### Exercise directions
Please output exactly the part of the records below that opens with the line containing "Vietnam U17 must" and closes with the line containing "Room 9 of 19", both lines included, and nothing else.

### Source records
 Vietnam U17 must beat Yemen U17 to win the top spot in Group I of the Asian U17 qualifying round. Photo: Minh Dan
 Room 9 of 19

==

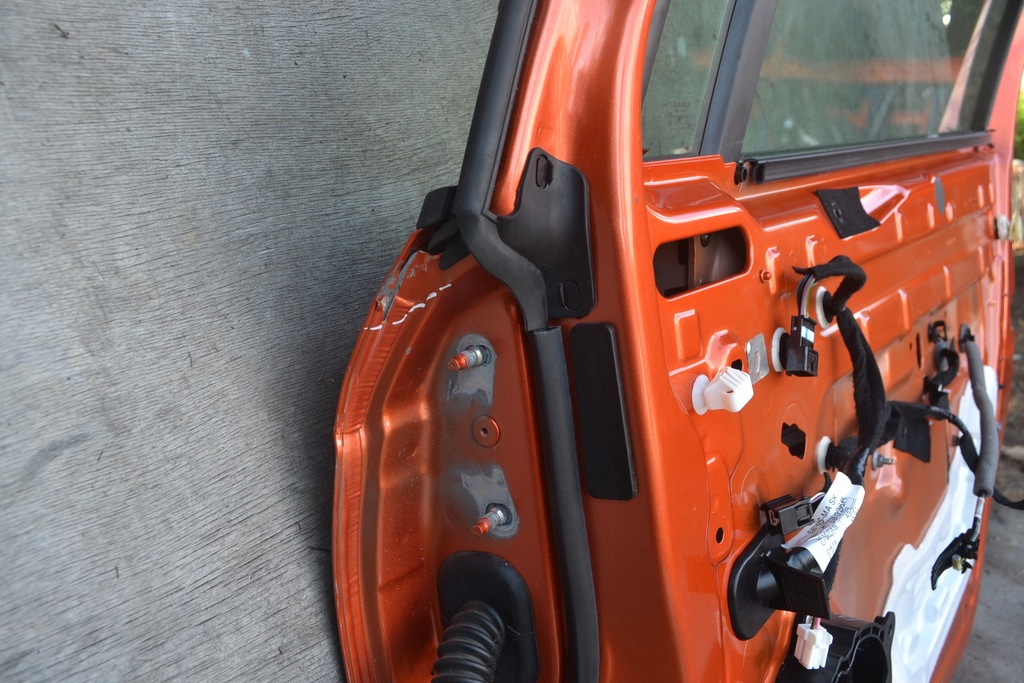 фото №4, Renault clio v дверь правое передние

### Task result
 Vietnam U17 must beat Yemen U17 to win the top spot in Group I of the Asian U17 qualifying round. Photo: Minh Dan
 Room 9 of 19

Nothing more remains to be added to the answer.